No, no, I'm not a manic depressive, I'm just a bit on the glum side, that's all! My preceding post might have might have wiped the smile off your face but this will have you reaching for a handful of 'uppers'!
As you will have read elsewhere, in fact, anywhere on the finance pages of any media outlet, there is a major economic tsunami winding up even as I tap out this miserable message. The news has even reached little Georgie in No. 11 who, against all his previous 'cheery chappie' statements, issued a rather glum warning just a few days ago. As always, the guilty parties are difficult to pin down. Undoubtedly the lying liars who run China bear a great deal of the blame. It has been obvious for years, er, as this blog has constantly pointed out, that they couldn't run a chop suey shop because they don't understand capitalism and think they can order it around just as they order their people around. Now they are just beginning to realise that capital is a many-headed dragon that has several lives of its own. Unfortunately, when the banking system in China finally implodes the shock waves will hit us as hard as them.
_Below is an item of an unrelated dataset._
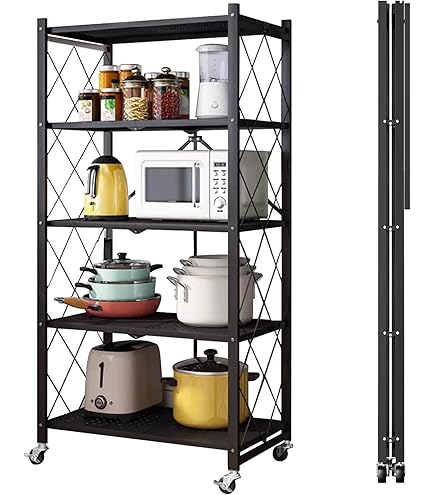 Amazon｜山善(YAMAZEN) ラック 棚 4段 キャスター付き 全体耐荷重120kg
Then there are our very own western governments who, despite the historical evidence before their eyes, still believe all that Keynesian nonsense, as James Bartholomew spells out in this week's 'Speccie':
[T]he most accepted part of economics is Keynesianism. Of course, John Maynard Keynes said lots of things about economics in between his many and varied sexual encounters. But, as is the way of the world, one of the things he said turned out to be particularly influential. It is so influential that it has gone around the world. It is repeated and relied upon by Japanese finance ministers, New York Times columnists, Nobel prize winners and anti-austerity demonstrators. It is in textbooks around the globe. It is on page 262 of the Edexcel Economics A-level text book. In fact, it crops up several times in the book in various forms. Keynes, personally, is mentioned more frequently than any other economist living or dead. The idea guides government policy around the world and certainly here in Britain.
There is just one little problem: the idea is wrong. And as China — a devout follower of Keynes these days as much as of Marx — falters, it is becoming more and more apparent just how wrong it is.
The idea that governments can just press the 'ON' button and print off reams of paper money to solve all our economic ills is so stupid that only a Nobel Prize winning prat like Paul Krugman could believe it. It is a governmental Ponzi scheme of gigantic proportions and, sooner rather than later, we will find out the truth of the scam the hard way.
However, here in Britain, the economic catastrophe could have even more alarming results. The vast majority of people in 'this septic Isle' view Jeremy Corbyn and his polit-bureau as more or less harmless cranks, just another, even funnier, version of 'the Milipede'. No one, bar a few loonies and teen-agers, would put them in charge of a parish council, let alone the entire country. But that could all change when the brown stuff hits the fan. With a collapsing currency, raging inflation and mass unemployment, 'the People' (dread words!) will vote for anyone offering a quick and apparently easy solution. And once they are in, can you see the Marxist likes of 'Jezza', Ken Livingstone, John McDonnell, Seamus Milne et al, ever willingly giving up the power they would have?
In the meantime, the printing presses keep on rolling . . .
The Keynesian model proved to be catnip for those statist types in government who just lust for the power and control printing money to solve problems offered. The Austrian model did not empower government statists, rather it empowered the individual and sound money. Statists win these battles by bribing the citizen with his own money...controlled by the state of course.
Posted by: whitewall | Saturday, 16 January 2016 at 14:49
An excellent summary, Whiters, as usual!